Sorry for the long post, but I'm confused in more ways than one.
This on a 1982 GS1100GL with electronic ignition (no points or condensor).
Had the bike running last week on one cylinder (the number two cylinder). Thought it might be due to a bad connection somewhere or something. Unplugged all three connectors (behind the left side cover), cleaned them with CRC connector cleaner, put it all back together - no change.
Took out all four plugs, checked gap, etc. - everything looked good, but then, I expected that since the plugs are only one year old. Took off the plug caps, snipped off 1/4" (down to good copper), put them back on the wires and tried again. Still runs on one cylinder except it's now running on the number one cylinder.

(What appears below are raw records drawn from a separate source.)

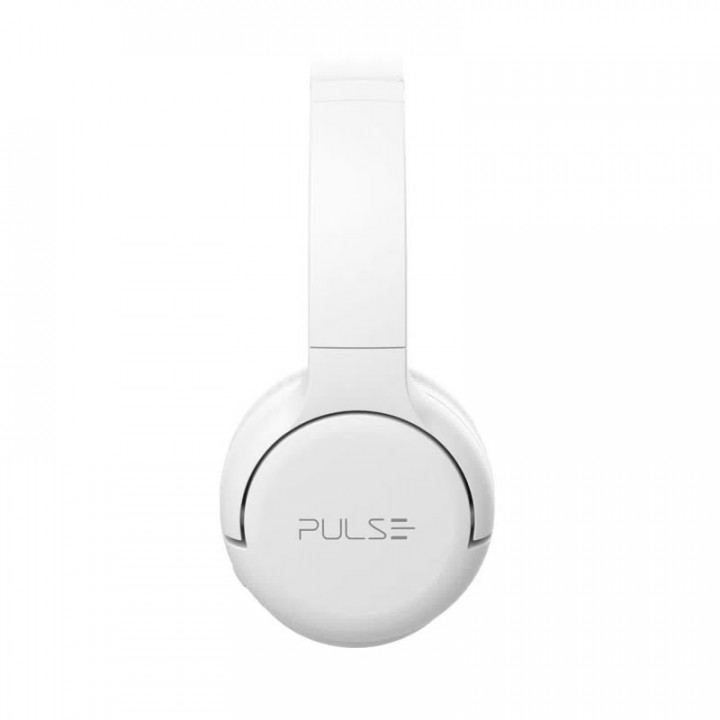 Headphone Bluetooth Pulse Flow, Branco - PH394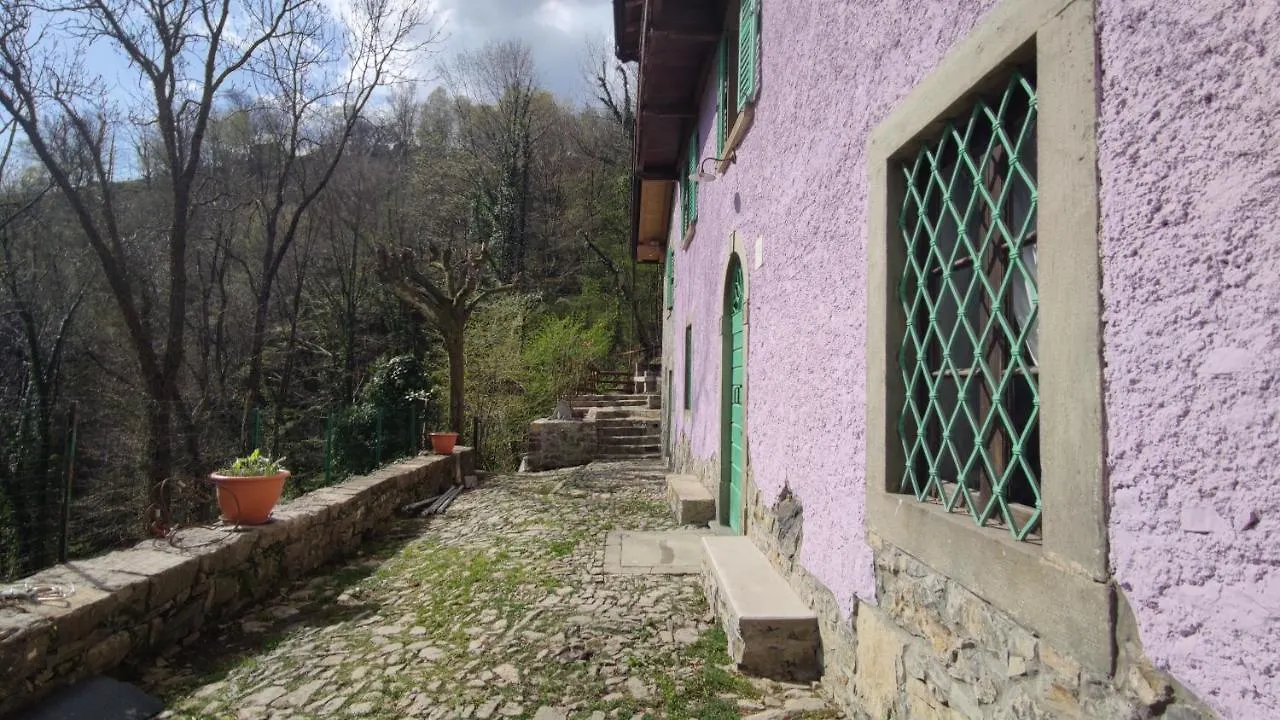 La Casetta di Musita Brembilla Casa vacanze
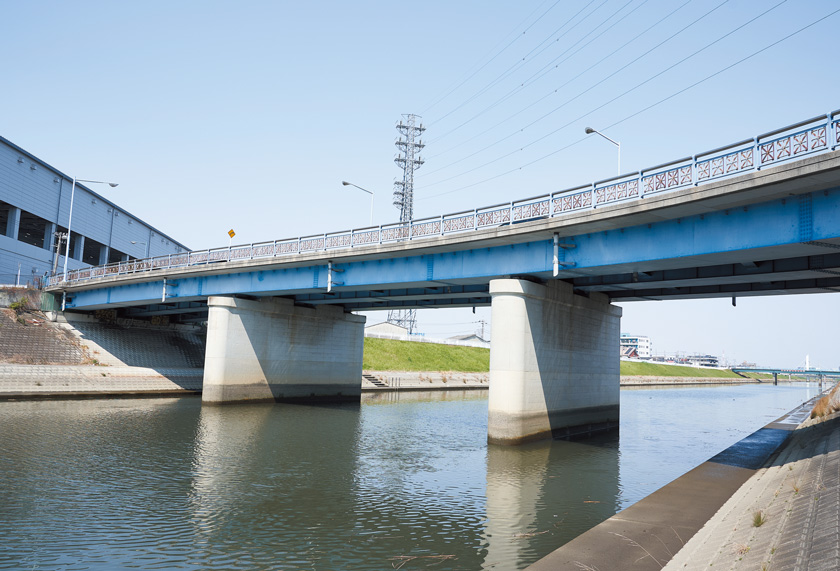 新芝川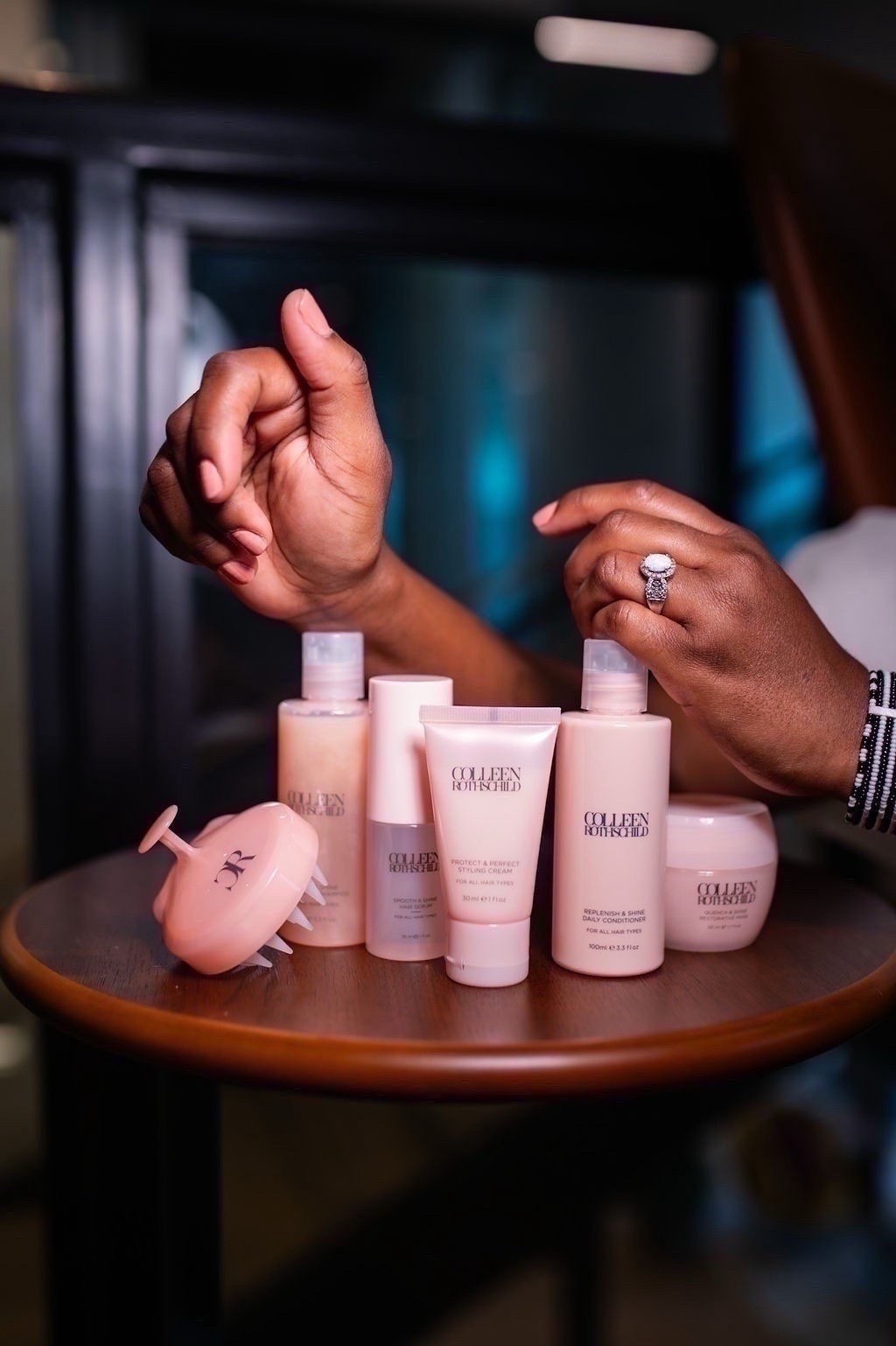 Secretsofyve: Love love my @colleenrothschild products! HAIRCARE sets. Gift 🎁  idea.
#Secretsofyve #ltkgiftguide
Always humbled & thankful to have you here.. 
CEO: PATESI Global & PATESIfoundation.org
 @secretsofyve : where beautiful meets practical, comfy meets style, affordable meets glam with a splash of splurge every now and then. I do LOVE a good sale and combining codes! #ltkstyletip #ltksalealert #ltkfamily #ltku #ltkfindsunder100 #ltkworkwear #ltkfindsunder50 #ltkover40 #ltkplussize #ltkmidsize #ltktravel #ltkmomlife #ltkhome #ltkpetite #ltkselfcare #ltkholiday #ltkgrwm secretsofyve

#LTKSeasonal #LTKBeauty #LTKWedding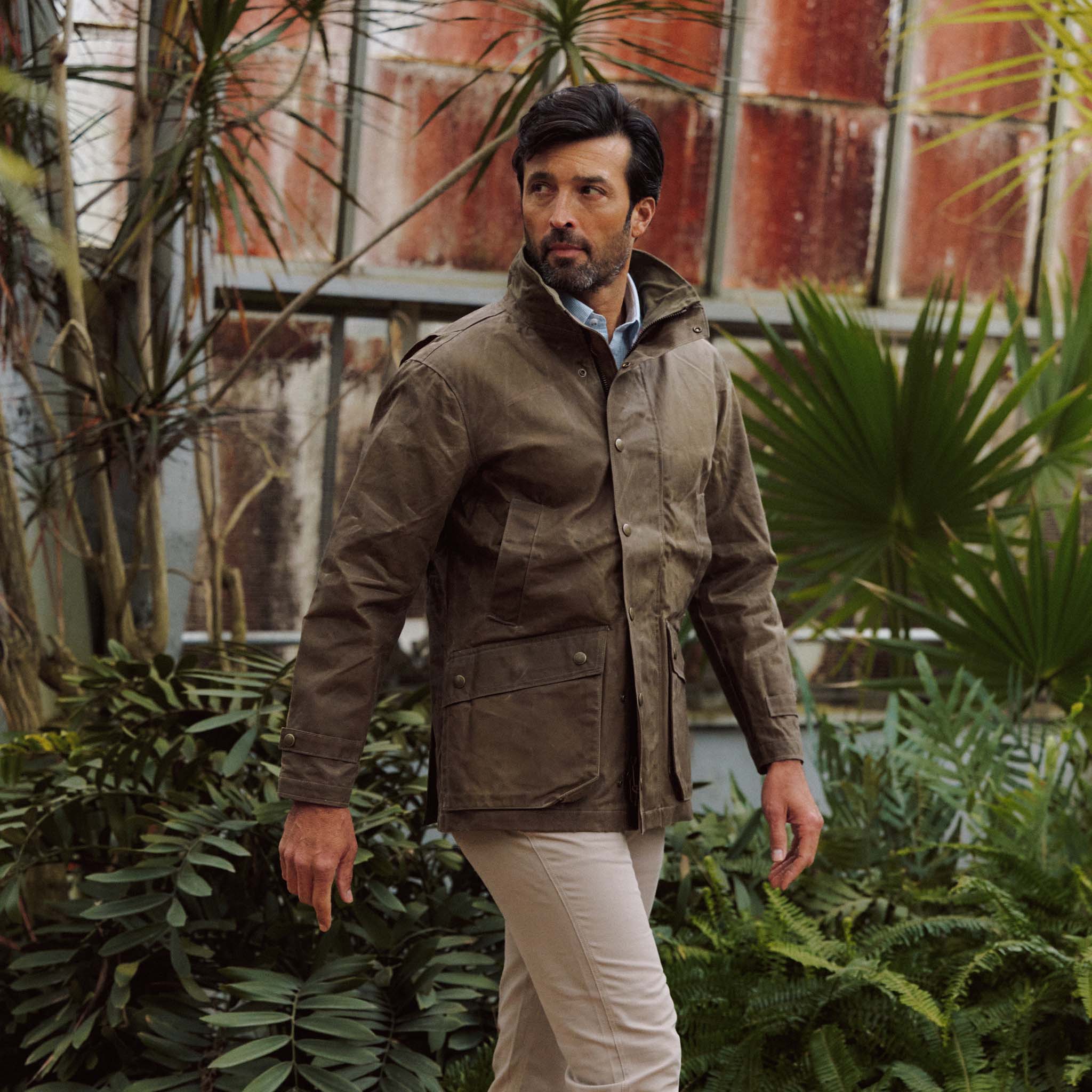 Tensaw Jacket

Started checking everything, beginning with the plugs and worked backwards. Getting 12+ volts at the pos/neg terminals o both coils. Good continuity between the coils and the connectors. All grounds seem to be in good condition. Checked the igniter per Clymers - no spark on either cylinder (one or two) but yet it is running on the number one cylinder. Took the iginter out and popped the cover. Circuit board is clean, no apparent rbeaks in any of the circuits, nothing burnt or looks like it got hot - appearance wise, igniter looks good.
This is where I become confused.
1) Why is it runnung on the number one cylinder when the igniter test (performed numerous times) indicated the igniter is bad.
2) Since you need to create a spark to test the igniter, how could this be done if the coils might be bad? (igniter good + coils bad = no spark AND igniter bad + coils good = no spark, correct?).
3) Is it possible 3 of the 4 "newer" plugs all of a sudden go bad at the same time?
Please help, the weather is starting to get nice here in the midwest and I want to ride.